→ PROBLEM TO WORK ON: Once the line containing "Obrázok produktu pre" is found in the data below, repeat it and every later line exactly, leaving the pictures out.
* * * *
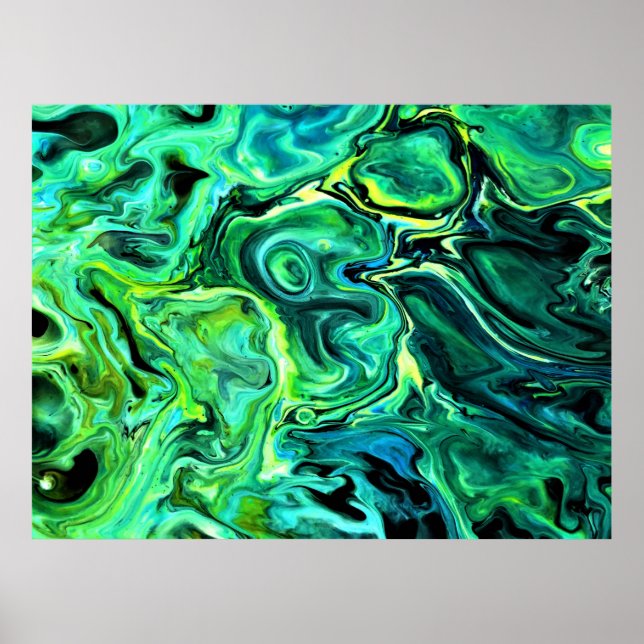 Abstrakte Farbstudie 78, Poster (Vorne)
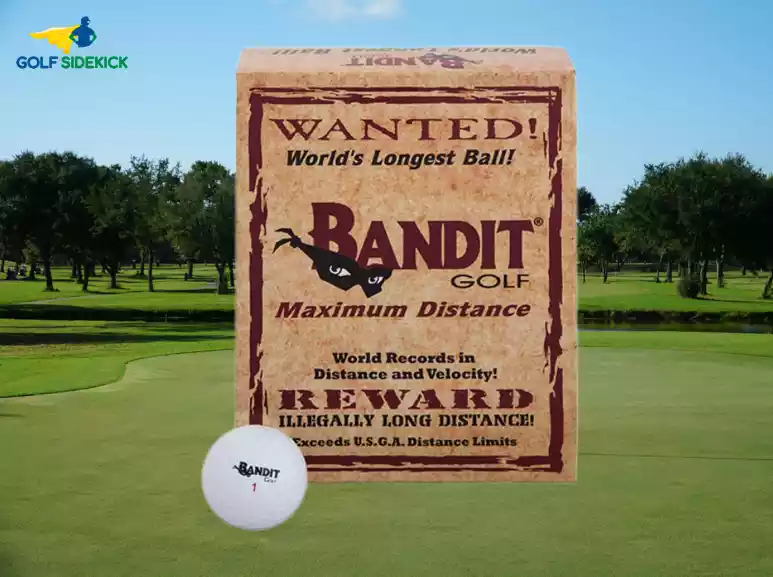 bandit maximum distance golf balls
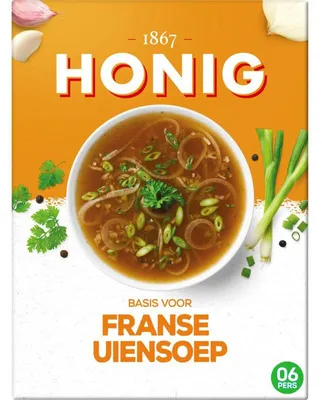 Obrázok produktu pre Honey Franse Uiensoep 64g – klasická aromatická francúzska cibuľová polievka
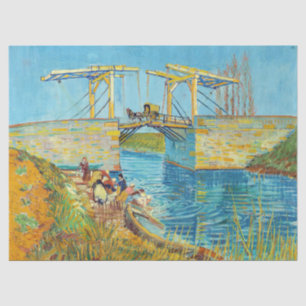 Papier Mousseline Vincent van Gogh - Pont Langlois à Arles #1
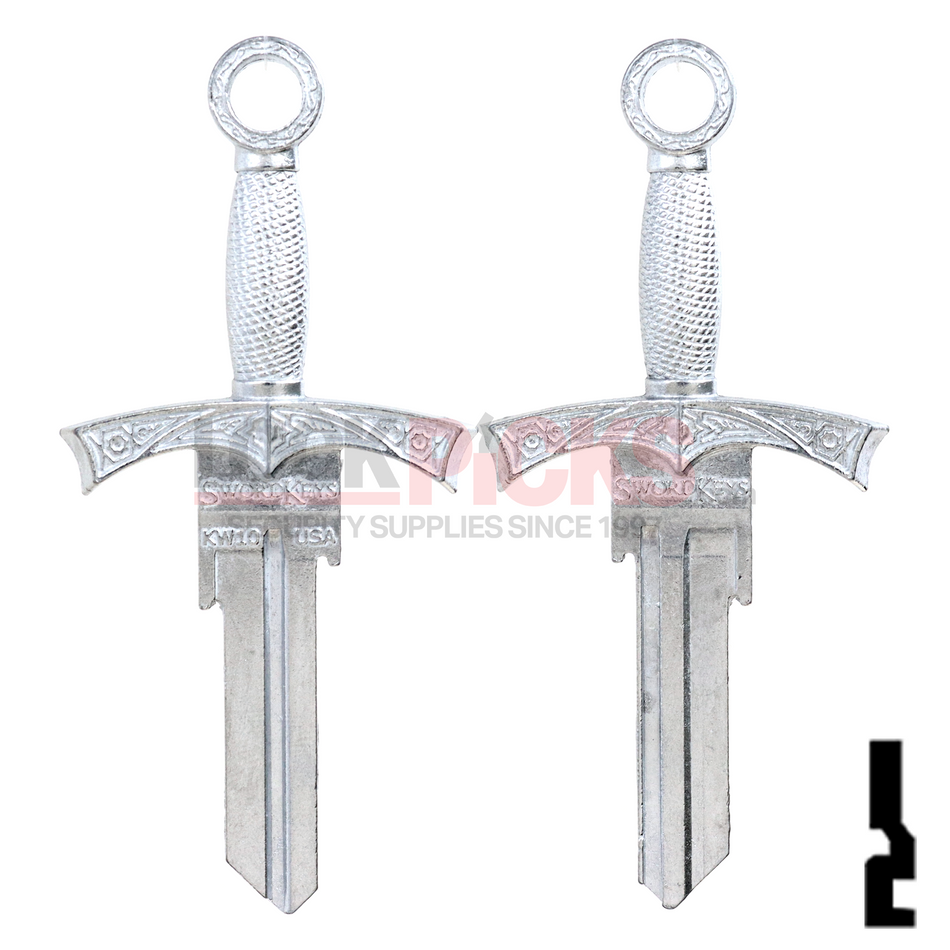 Forged Key Shapes KW1/11 Sword  -by Lucky Line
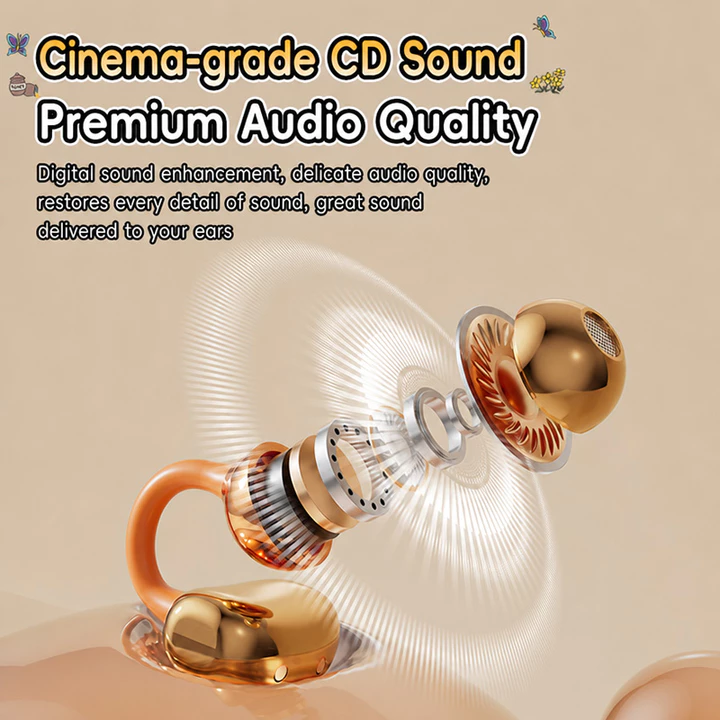 Tai nghe Disney A33 Tai nghe kẹp tai Tai nghe độ phân giải cao Tai nghe không dây Bluetooth Tai nghe nhỏ Gương đi lại hàng ngày cho tai nghe âm nhạc – 3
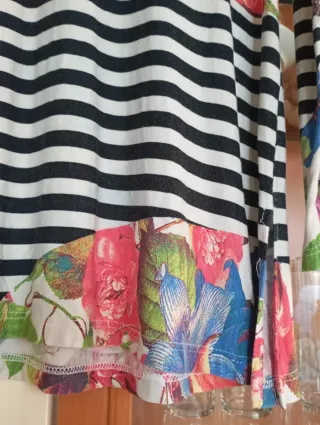 Camiseta Jazz Manga Larga Estampada Flores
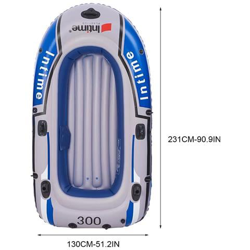 Intime 2/3/4 Persone Barche Da Pesca Kayak Gommoni Resistenti All'usura en oferta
* * * *
→ WRITTEN ANSWER:
 Obrázok produktu pre Honey Franse Uiensoep 64g – klasická aromatická francúzska cibuľová polievka
 Papier Mousseline Vincent van Gogh - Pont Langlois à Arles #1
 Forged Key Shapes KW1/11 Sword  -by Lucky Line
 Tai nghe Disney A33 Tai nghe kẹp tai Tai nghe độ phân giải cao Tai nghe không dây Bluetooth Tai nghe nhỏ Gương đi lại hàng ngày cho tai nghe âm nhạc – 3
 Camiseta Jazz Manga Larga Estampada Flores
 Intime 2/3/4 Persone Barche Da Pesca Kayak Gommoni Resistenti All'usura en oferta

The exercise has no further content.